My research was not limited to libraries or news reports. I gained valuable insight from individuals who were willing to expose their hearts in interviews in hopes that their sharing would assist in the battle to protect children.
One of these contributors was Matt, a middle-aged professional man who lost his wife, family, home, profession, reputation, dignity, friends and total sense of worth when charged and convicted of molesting two young girls. While not an example of a sadistic pedophile, he is typical of a multitude of predators who started out dabbling in pornography and ended up destroying the lives around them and losing everything.
We met one cold, fall morning. I plugged in my equipment to record the sad legacy of this man’s life. He was broken and totally open to exposing his deepest shame if it could in any way dissuade anyone thinking of targeting a child from acting on fantasies, or if it could in any way bring healing, insight or prevention into the epidemic of child molestation.
D. Let’s go back to the beginning. Where did this all start? What was the root?
M. Pornography was certainly a major contributing factor.
D. Was there anything else at the root of it?
M. Well, the absence of a healthy adult sexual relationship was not a good environment for me to be in.
D. How do you account for that? What was wrong with your relationship with your wife?
M. I think that on our honeymoon when I was more open about wanting to do the kind of stuff I saw in pornography, and I realized that she wasn’t into it, I disconnected and took the easy way out in more pornography and fantasizing and other relationships. We just grew apart. Instead of working on a healthy relationship, I replaced normal, healthy sex with more and more degrading pornography.

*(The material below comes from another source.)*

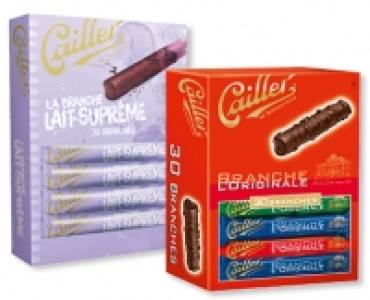 CAILLER® Branches CHF 10.95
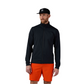 Campera Mid Layer Stretch - Hombre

D. So you had no desire for normal sex ?
M. No.
D. Do you think that if your wife had participated in all the things you wanted to do that you would never have gotten involved with the first young girl?
M. There’s no way of knowing that. I never had any thoughts of kids. All the time I was messing around with other women while I was travelling so much, it was all about adults. The thought of kids never crossed my mind.
D. In terms of the root, do you feel that there was anything generational, or anything in you that led you to be attracted to children? Do you feel that you were born with that sexual predisposition?
M. I don’t think so. Psychologists have determined that I am not a real pedophile. Not all people who molest children are pedophiles. True pedophiles just go for kids. That is not my preference. I was always into adult sex but got involved with the two young girls because they were there and I was so selfish that I cared more about self-gratification than anything else at the time. I think that in both cases, with both girls, it was a matter of convenience. I was in a trusted position for a long time.
D. When you were a child, did you have sexual experiences or were you molested by anyone?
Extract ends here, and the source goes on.